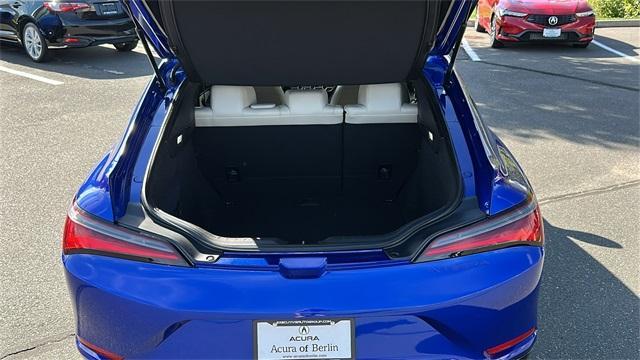Photo of 2023 Apex Blue Pearl Acura Integra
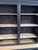 Black Late 19th Century Display Cabinet For Sale - Image 8 of 11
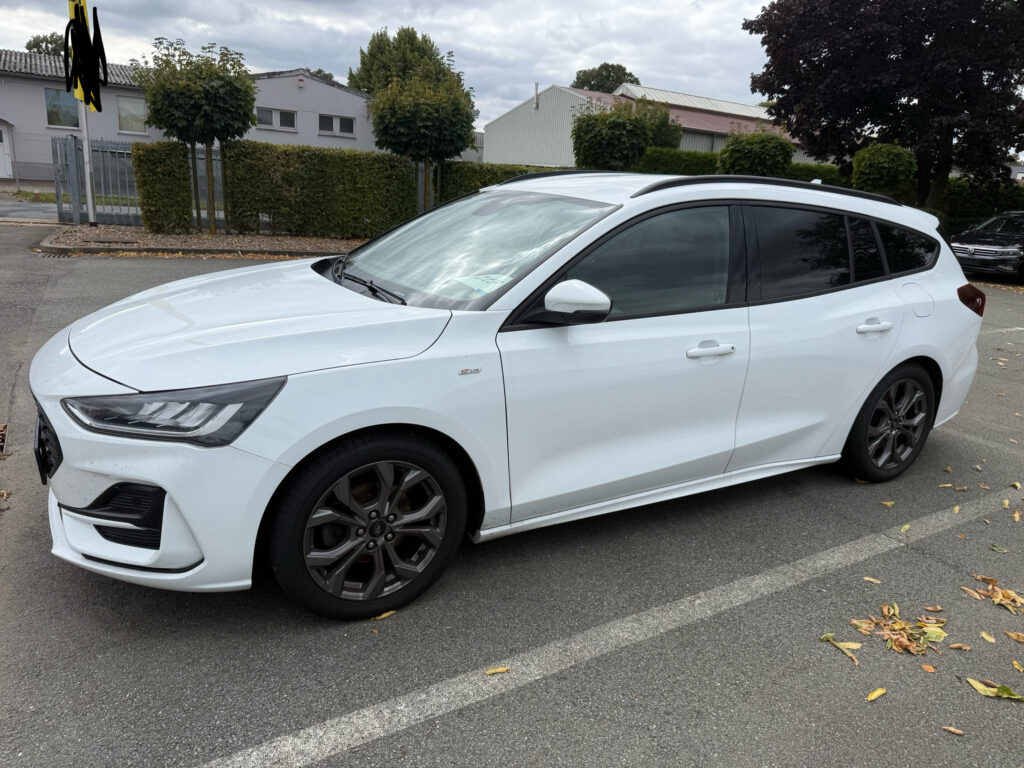Ford Focus 1.5 TDCi EcoBlue ST-Line X 2022m. Dyzelinas Automatinė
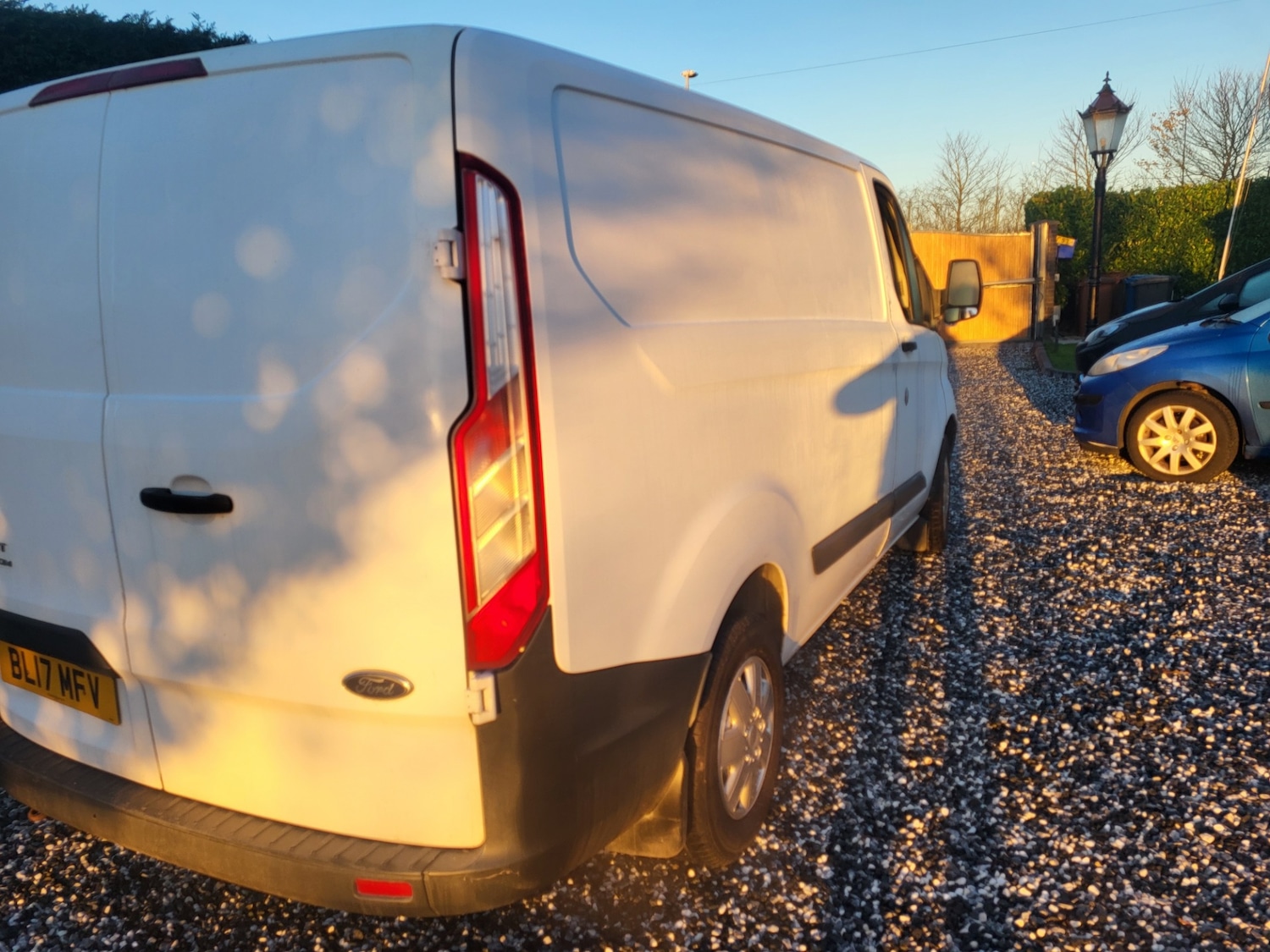 Vehicle 10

■ **Requirement**:
The result should be the material above, unchanged and free of pictures; please print it.

■ **Response box**:
Photo of 2023 Apex Blue Pearl Acura Integra
 Black Late 19th Century Display Cabinet For Sale - Image 8 of 11
Ford Focus 1.5 TDCi EcoBlue ST-Line X 2022m. Dyzelinas Automatinė
 Vehicle 10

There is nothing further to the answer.